Und die Liveaufnahmen sind vorzüglich gelungen, insofern sie das Konzerterlebnis glaubhaft vor Ohren führen. Ich sehe mich im Konzertsaal, der vom Spiel der Musiker angeregt wird und "atmet". Die Musiker agieren gewissermaßen als ein großer "Organismus", nicht als Ansammlung von Orchestergruppen. Aber es wird keineswegs alles zugekleistert. Man kann durchaus die Orchestergruppen und die solistisch agierenden Mitglieder wahrnehmen, aber der Gesamteindruck bleibt der eines einzigen großen Klangkörpers. Und das Dirigat passt zu dem, was das Beiheft als die Äußerung eines Kritikers zitiert. Sinngemäß: Bei Rimsky-Korsakov diente die Orchestrierung der orientalischen Anmutung (hm, etwas überspitzt möchte ich meinen), Stravinsky habe zusätzlich noch energetischen Impetus dazu gegeben. Nun ja, ich kann mich nicht erinnern, den 4. Satz der Scheherazade so faszinierend bei meinen anderen Aufnahmen gehört zu haben. Und ebensowenig den Petrushka als derart großartiges Orchesterstück, so viel Spaß auch andere Einspielungen machen.

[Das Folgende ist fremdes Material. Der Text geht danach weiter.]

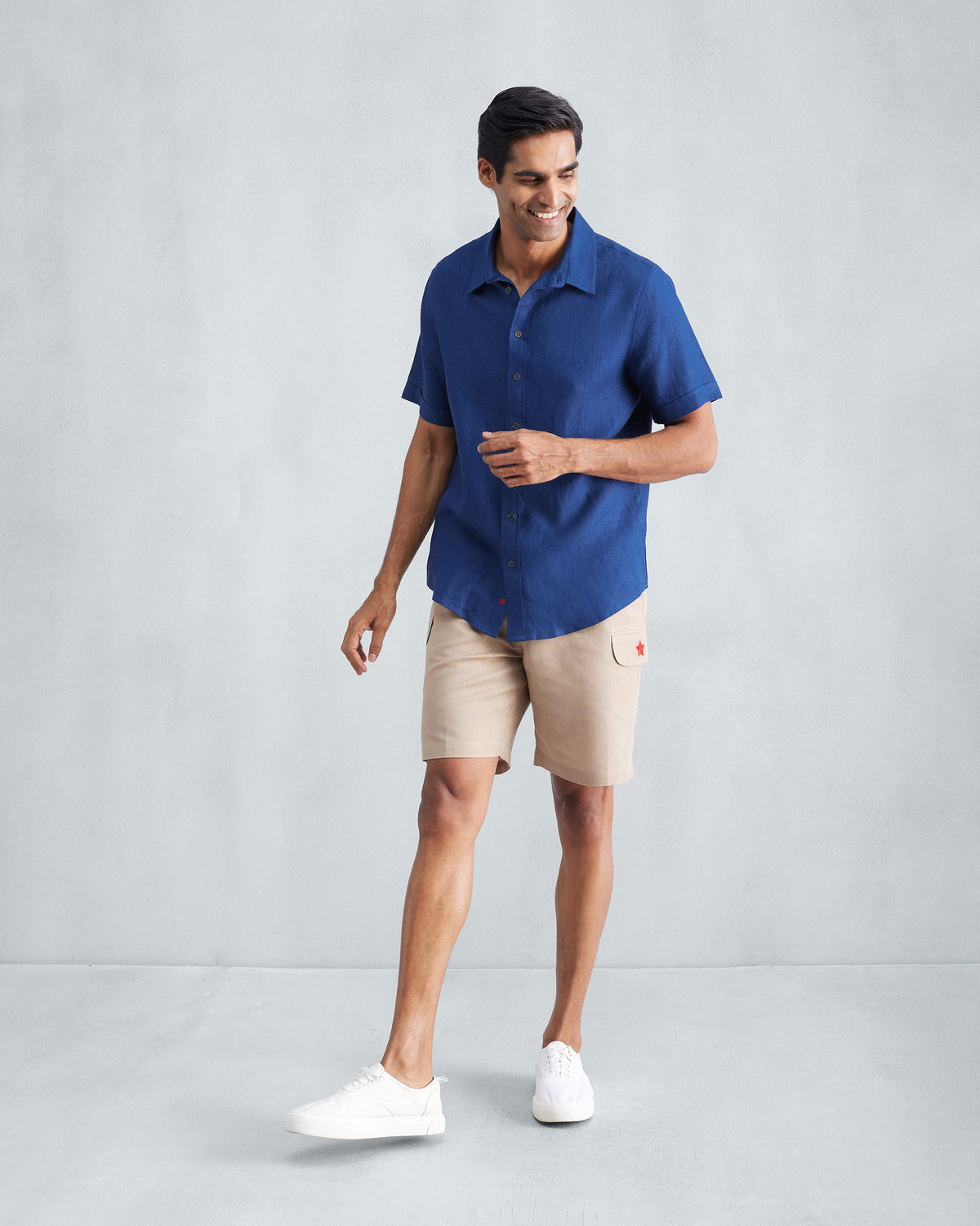 Person wearing a navy Half Sleeve Shirt with a short sleeve and classic collar.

Ach ja, der Fedoseyev ist 1932 geboren und lebt auch immer noch. Und das Orchester hat nicht nur einen großen Namen, sondern auch eine große Tradition als eines der namhaften Orchester des UdSSR:

https://de.wikipedia.org/wiki/Tschaikow ... _Rundfunks

Also ich bitte um Nachsicht und verneige mich vor dieser Aufnahme. Da fühle ich mich doch in der Hinsicht als Westdeutscher, dass der musikalische Blick eben in erster Linie nach Westen gerichtet war und der Osten eher unterbelichtet erschien.

Hier noch der link zu discogs:

https://www.discogs.com/de/release/1382 ... Scheheraza

Zum Schluss noch: Die Aufnahmen wollen analog sein. Zumindest sagt die CD-Verpackung ADD. Wenn das stimmt, mag das vielleicht auch den Eindruck von natürlichem Fluss und samtigem Orchesterspiel miterklären. Samtig durchaus positiv zu verstehen, keinesfalls als weichgespült. Jedenfalls haben die an der Produktion Beteiligten, Musiker wie Technik, für mein Empfinden einen hervorragenden Job gemacht. Hut ab dafür!

Nachtrag: Alle Eindrücke beruhen auf einmaligem Hören "nur" mit Kopfhörer.